→ Work required
The entries are to be output once more, word for word.

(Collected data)
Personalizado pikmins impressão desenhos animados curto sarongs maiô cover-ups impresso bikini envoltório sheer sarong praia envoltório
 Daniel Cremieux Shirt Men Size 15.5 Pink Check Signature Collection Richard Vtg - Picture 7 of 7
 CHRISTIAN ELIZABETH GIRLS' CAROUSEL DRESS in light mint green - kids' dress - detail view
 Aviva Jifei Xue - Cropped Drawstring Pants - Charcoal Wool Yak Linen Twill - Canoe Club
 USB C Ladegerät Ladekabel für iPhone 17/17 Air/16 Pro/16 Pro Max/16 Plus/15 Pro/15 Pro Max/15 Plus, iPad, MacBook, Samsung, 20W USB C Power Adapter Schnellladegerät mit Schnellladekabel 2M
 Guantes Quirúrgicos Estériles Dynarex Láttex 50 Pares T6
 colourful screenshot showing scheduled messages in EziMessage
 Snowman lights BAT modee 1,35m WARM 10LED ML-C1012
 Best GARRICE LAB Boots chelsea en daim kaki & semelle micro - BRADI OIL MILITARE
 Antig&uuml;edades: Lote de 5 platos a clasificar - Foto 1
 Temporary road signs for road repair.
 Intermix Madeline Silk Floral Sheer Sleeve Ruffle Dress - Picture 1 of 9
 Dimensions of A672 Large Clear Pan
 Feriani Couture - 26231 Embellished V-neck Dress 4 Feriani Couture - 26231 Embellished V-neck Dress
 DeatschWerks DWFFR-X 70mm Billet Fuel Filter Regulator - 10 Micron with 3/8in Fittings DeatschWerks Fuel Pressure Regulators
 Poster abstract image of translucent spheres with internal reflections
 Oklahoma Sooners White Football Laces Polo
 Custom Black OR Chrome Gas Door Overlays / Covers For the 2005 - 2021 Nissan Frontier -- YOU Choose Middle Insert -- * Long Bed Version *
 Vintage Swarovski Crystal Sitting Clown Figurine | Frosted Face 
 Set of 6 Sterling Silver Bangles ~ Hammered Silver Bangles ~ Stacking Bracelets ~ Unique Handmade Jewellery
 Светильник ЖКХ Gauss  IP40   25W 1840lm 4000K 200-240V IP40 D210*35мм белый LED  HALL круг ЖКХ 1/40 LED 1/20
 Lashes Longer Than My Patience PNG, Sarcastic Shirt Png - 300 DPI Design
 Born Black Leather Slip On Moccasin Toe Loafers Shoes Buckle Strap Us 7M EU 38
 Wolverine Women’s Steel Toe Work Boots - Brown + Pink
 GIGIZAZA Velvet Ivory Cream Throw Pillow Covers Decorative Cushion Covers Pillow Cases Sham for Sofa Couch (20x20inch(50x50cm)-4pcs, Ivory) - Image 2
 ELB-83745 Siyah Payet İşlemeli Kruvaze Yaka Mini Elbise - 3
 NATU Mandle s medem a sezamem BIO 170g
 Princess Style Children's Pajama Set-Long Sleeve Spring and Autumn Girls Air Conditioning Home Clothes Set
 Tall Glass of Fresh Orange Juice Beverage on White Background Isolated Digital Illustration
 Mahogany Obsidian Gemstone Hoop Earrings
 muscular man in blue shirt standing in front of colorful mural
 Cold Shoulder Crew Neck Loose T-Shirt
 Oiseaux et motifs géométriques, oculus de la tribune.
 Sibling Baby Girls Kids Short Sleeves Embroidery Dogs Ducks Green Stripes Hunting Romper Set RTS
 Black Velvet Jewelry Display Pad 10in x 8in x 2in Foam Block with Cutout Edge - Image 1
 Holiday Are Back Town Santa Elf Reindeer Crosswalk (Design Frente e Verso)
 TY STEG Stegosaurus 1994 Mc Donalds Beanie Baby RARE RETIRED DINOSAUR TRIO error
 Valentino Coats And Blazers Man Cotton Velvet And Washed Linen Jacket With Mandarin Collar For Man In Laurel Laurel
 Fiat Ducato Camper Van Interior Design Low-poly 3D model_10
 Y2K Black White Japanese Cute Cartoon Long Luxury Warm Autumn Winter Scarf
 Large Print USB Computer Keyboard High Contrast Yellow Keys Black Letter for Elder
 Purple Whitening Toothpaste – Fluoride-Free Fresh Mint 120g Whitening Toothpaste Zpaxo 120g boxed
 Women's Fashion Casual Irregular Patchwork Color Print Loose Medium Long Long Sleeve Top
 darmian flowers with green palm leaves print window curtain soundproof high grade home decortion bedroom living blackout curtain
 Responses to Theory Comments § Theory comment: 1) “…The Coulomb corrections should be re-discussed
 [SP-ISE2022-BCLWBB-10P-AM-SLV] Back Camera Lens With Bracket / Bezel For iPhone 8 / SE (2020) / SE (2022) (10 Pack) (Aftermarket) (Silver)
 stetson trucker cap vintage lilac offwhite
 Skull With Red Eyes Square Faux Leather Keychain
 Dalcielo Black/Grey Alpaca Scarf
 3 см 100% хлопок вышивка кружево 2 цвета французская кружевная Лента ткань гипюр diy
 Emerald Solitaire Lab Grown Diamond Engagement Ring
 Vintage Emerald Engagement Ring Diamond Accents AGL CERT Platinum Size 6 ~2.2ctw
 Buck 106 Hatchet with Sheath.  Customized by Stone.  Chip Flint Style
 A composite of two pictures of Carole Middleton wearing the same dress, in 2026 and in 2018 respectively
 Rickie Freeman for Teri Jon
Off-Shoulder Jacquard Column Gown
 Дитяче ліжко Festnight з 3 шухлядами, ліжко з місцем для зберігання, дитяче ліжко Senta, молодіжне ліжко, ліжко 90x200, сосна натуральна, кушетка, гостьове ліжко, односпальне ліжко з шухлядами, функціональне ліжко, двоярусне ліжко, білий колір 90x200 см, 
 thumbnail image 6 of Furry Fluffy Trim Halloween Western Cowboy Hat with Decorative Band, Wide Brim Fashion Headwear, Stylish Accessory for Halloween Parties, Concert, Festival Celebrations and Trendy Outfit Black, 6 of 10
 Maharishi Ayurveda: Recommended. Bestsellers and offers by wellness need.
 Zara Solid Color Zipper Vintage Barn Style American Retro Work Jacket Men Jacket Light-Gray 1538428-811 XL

→ Task result
Personalizado pikmins impressão desenhos animados curto sarongs maiô cover-ups impresso bikini envoltório sheer sarong praia envoltório
 Daniel Cremieux Shirt Men Size 15.5 Pink Check Signature Collection Richard Vtg - Picture 7 of 7
 CHRISTIAN ELIZABETH GIRLS' CAROUSEL DRESS in light mint green - kids' dress - detail view
 Aviva Jifei Xue - Cropped Drawstring Pants - Charcoal Wool Yak Linen Twill - Canoe Club
 USB C Ladegerät Ladekabel für iPhone 17/17 Air/16 Pro/16 Pro Max/16 Plus/15 Pro/15 Pro Max/15 Plus, iPad, MacBook, Samsung, 20W USB C Power Adapter Schnellladegerät mit Schnellladekabel 2M
 Guantes Quirúrgicos Estériles Dynarex Láttex 50 Pares T6
 colourful screenshot showing scheduled messages in EziMessage
 Snowman lights BAT modee 1,35m WARM 10LED ML-C1012
 Best GARRICE LAB Boots chelsea en daim kaki & semelle micro - BRADI OIL MILITARE
 Antig&uuml;edades: Lote de 5 platos a clasificar - Foto 1
 Temporary road signs for road repair.
 Intermix Madeline Silk Floral Sheer Sleeve Ruffle Dress - Picture 1 of 9
 Dimensions of A672 Large Clear Pan
 Feriani Couture - 26231 Embellished V-neck Dress 4 Feriani Couture - 26231 Embellished V-neck Dress
 DeatschWerks DWFFR-X 70mm Billet Fuel Filter Regulator - 10 Micron with 3/8in Fittings DeatschWerks Fuel Pressure Regulators
 Poster abstract image of translucent spheres with internal reflections
 Oklahoma Sooners White Football Laces Polo
 Custom Black OR Chrome Gas Door Overlays / Covers For the 2005 - 2021 Nissan Frontier -- YOU Choose Middle Insert -- * Long Bed Version *
 Vintage Swarovski Crystal Sitting Clown Figurine | Frosted Face 
 Set of 6 Sterling Silver Bangles ~ Hammered Silver Bangles ~ Stacking Bracelets ~ Unique Handmade Jewellery
 Светильник ЖКХ Gauss  IP40   25W 1840lm 4000K 200-240V IP40 D210*35мм белый LED  HALL круг ЖКХ 1/40 LED 1/20
 Lashes Longer Than My Patience PNG, Sarcastic Shirt Png - 300 DPI Design
 Born Black Leather Slip On Moccasin Toe Loafers Shoes Buckle Strap Us 7M EU 38
 Wolverine Women’s Steel Toe Work Boots - Brown + Pink
 GIGIZAZA Velvet Ivory Cream Throw Pillow Covers Decorative Cushion Covers Pillow Cases Sham for Sofa Couch (20x20inch(50x50cm)-4pcs, Ivory) - Image 2
 ELB-83745 Siyah Payet İşlemeli Kruvaze Yaka Mini Elbise - 3
 NATU Mandle s medem a sezamem BIO 170g
 Princess Style Children's Pajama Set-Long Sleeve Spring and Autumn Girls Air Conditioning Home Clothes Set
 Tall Glass of Fresh Orange Juice Beverage on White Background Isolated Digital Illustration
 Mahogany Obsidian Gemstone Hoop Earrings
 muscular man in blue shirt standing in front of colorful mural
 Cold Shoulder Crew Neck Loose T-Shirt
 Oiseaux et motifs géométriques, oculus de la tribune.
 Sibling Baby Girls Kids Short Sleeves Embroidery Dogs Ducks Green Stripes Hunting Romper Set RTS
 Black Velvet Jewelry Display Pad 10in x 8in x 2in Foam Block with Cutout Edge - Image 1
 Holiday Are Back Town Santa Elf Reindeer Crosswalk (Design Frente e Verso)
 TY STEG Stegosaurus 1994 Mc Donalds Beanie Baby RARE RETIRED DINOSAUR TRIO error
 Valentino Coats And Blazers Man Cotton Velvet And Washed Linen Jacket With Mandarin Collar For Man In Laurel Laurel
 Fiat Ducato Camper Van Interior Design Low-poly 3D model_10
 Y2K Black White Japanese Cute Cartoon Long Luxury Warm Autumn Winter Scarf
 Large Print USB Computer Keyboard High Contrast Yellow Keys Black Letter for Elder
 Purple Whitening Toothpaste – Fluoride-Free Fresh Mint 120g Whitening Toothpaste Zpaxo 120g boxed
 Women's Fashion Casual Irregular Patchwork Color Print Loose Medium Long Long Sleeve Top
 darmian flowers with green palm leaves print window curtain soundproof high grade home decortion bedroom living blackout curtain
 Responses to Theory Comments § Theory comment: 1) “…The Coulomb corrections should be re-discussed
 [SP-ISE2022-BCLWBB-10P-AM-SLV] Back Camera Lens With Bracket / Bezel For iPhone 8 / SE (2020) / SE (2022) (10 Pack) (Aftermarket) (Silver)
 stetson trucker cap vintage lilac offwhite
 Skull With Red Eyes Square Faux Leather Keychain
 Dalcielo Black/Grey Alpaca Scarf
 3 см 100% хлопок вышивка кружево 2 цвета французская кружевная Лента ткань гипюр diy
 Emerald Solitaire Lab Grown Diamond Engagement Ring
 Vintage Emerald Engagement Ring Diamond Accents AGL CERT Platinum Size 6 ~2.2ctw
 Buck 106 Hatchet with Sheath.  Customized by Stone.  Chip Flint Style
 A composite of two pictures of Carole Middleton wearing the same dress, in 2026 and in 2018 respectively
 Rickie Freeman for Teri Jon
Off-Shoulder Jacquard Column Gown
 Дитяче ліжко Festnight з 3 шухлядами, ліжко з місцем для зберігання, дитяче ліжко Senta, молодіжне ліжко, ліжко 90x200, сосна натуральна, кушетка, гостьове ліжко, односпальне ліжко з шухлядами, функціональне ліжко, двоярусне ліжко, білий колір 90x200 см, 
 thumbnail image 6 of Furry Fluffy Trim Halloween Western Cowboy Hat with Decorative Band, Wide Brim Fashion Headwear, Stylish Accessory for Halloween Parties, Concert, Festival Celebrations and Trendy Outfit Black, 6 of 10
 Maharishi Ayurveda: Recommended. Bestsellers and offers by wellness need.
 Zara Solid Color Zipper Vintage Barn Style American Retro Work Jacket Men Jacket Light-Gray 1538428-811 XL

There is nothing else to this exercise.